Le succès de ces films ne fait que souligner la difficulté du KMT à imposer sa langue officielle sur une île où se parlent, outre le hoklo, le hakka, le japonais et des langues aborigènes. Là où le cinéma officiel présente un pays peuplé de bourgeois en exil ou une radieuse campagne qui se développe sous la bienveillante égide du KMT, le cinéma en hoklo s'ingénie à détruire ce mythe.
Une exception cependant, Typhon de Pan Lei (1962), qui ouvre la rétrospective : d'abord autoproduit par le réalisateur, son épouse et ses deux stars, le film est récupéré par le studio national, la CMPC. Il n'en demeure pas moins à l'opposé de la doxa de l'époque : le héros, un gangster sans scrupule et séducteur impénitent, s'enfuit au Mont Ali – à la fois paysage intérieur, refuge et prison –, où il séduit une femme mariée, alcoolique et frustrée. Une perle perdue au cœur du cinéma officiel, un chef-d'œuvre injustement oublié.
Un joyeux désordre
Le cinéma en hoklo, lui, se distingue par son mode de production anarchique, loin de la rigidité des structures d'État : mis à part quelques studios pérennes, les productions sont souvent le résultat d'entreprises éphémères financées par des investisseurs qui veulent s'enrichir rapidement. Les films sont tournés dans des hôtels et en extérieurs, financés par leur prévente aux salles de cinéma sur la foi d'affiches souvent plus aguicheuses que le film lui-même. Les studios nationaux sont sollicités pour le développement et le montage des films, leurs techniciens – jusque-là sous-employés – peuvent ainsi travailler et se former, comme par exemple Chen Hong-min, monteur des films de King Hu, qui deviendra le réalisateur du très féminin wu xia pian The Vengeance of the Phœnix Sister en 1968. Sur les plateaux règne une ambiance familiale, les acteurs et actrices doivent se maquiller tous seuls et utiliser leurs propres vêtements.

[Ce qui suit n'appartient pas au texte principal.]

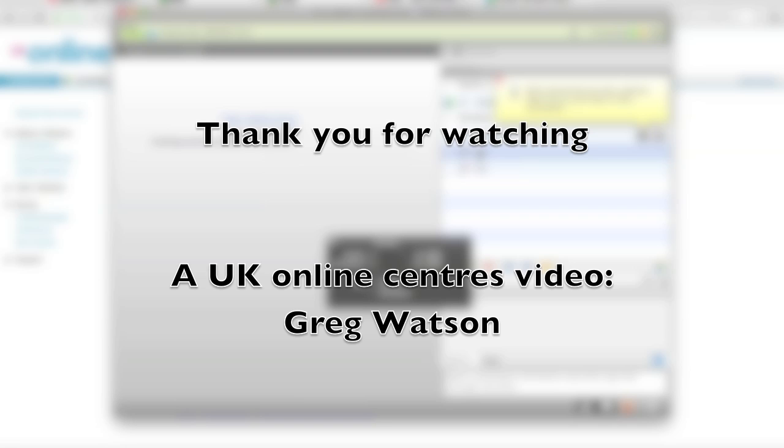Great. Hopefully you should find it easier now to download the software and join a webinar using a Mac or a PC. Thank you.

La jeunesse emmerde le KMT !
Les Taïwanais ont tendance à mettre en avant les mélodrames en hoklo relatant les malheurs de jeunes gens montés à la ville pour échapper à la misère des campagnes. Mais ce cinéma fait feu de tout genre, de la comédie « animalière » The Fantasy of the Deer Warriors (1961) au film d'épouvante The Bride Who Returned from Hell (1965), et les comédies, souvent corrosives, détruisent les fables méritocratiques et édifiantes du cinéma officiel. Kanding (sûr héritier de Charlot) et ses amis – cireurs de chaussures, hôtesses de bar, petits employés – s'enrichissent dans The Elegant Mr. Hu (1966) grâce à un coup du sort et des combines qui rendent poreuses et interchangeables les positions sociales. La ville dans le cinéma en hoklo, contrairement à celle du cinéma en mandarin, ne présente pas une modernité triomphante mais une cohabitation de bidonvilles, de chantiers, d'architecture japonaise et de nouveaux quartiers ; la modernisation à marche forcée, ses profiteurs et ses laissés pour compte.
C'est aussi un cinéma de la jeunesse, loin de celle, compassée, du cinéma officiel et soumise à la morale confucéenne. Dangerous Youth (1969) s'ouvre sur une course à moto qui rappelle les films de Hou Hsiao-hsien. Foolish Bride, Naive Bridegroom (1968) inverse les rôles traditionnels : le garçon est cloîtré par son père, et la fille monte des stratagèmes pour l'enlever. De façon générale, le cinéma populaire fait la part belle aux héroïnes fortes face des héros falots. The Best Secret Agent (1964) lance la mode des super-espionnes dans ces films qui prennent pour prétexte la guerre contre le Japon.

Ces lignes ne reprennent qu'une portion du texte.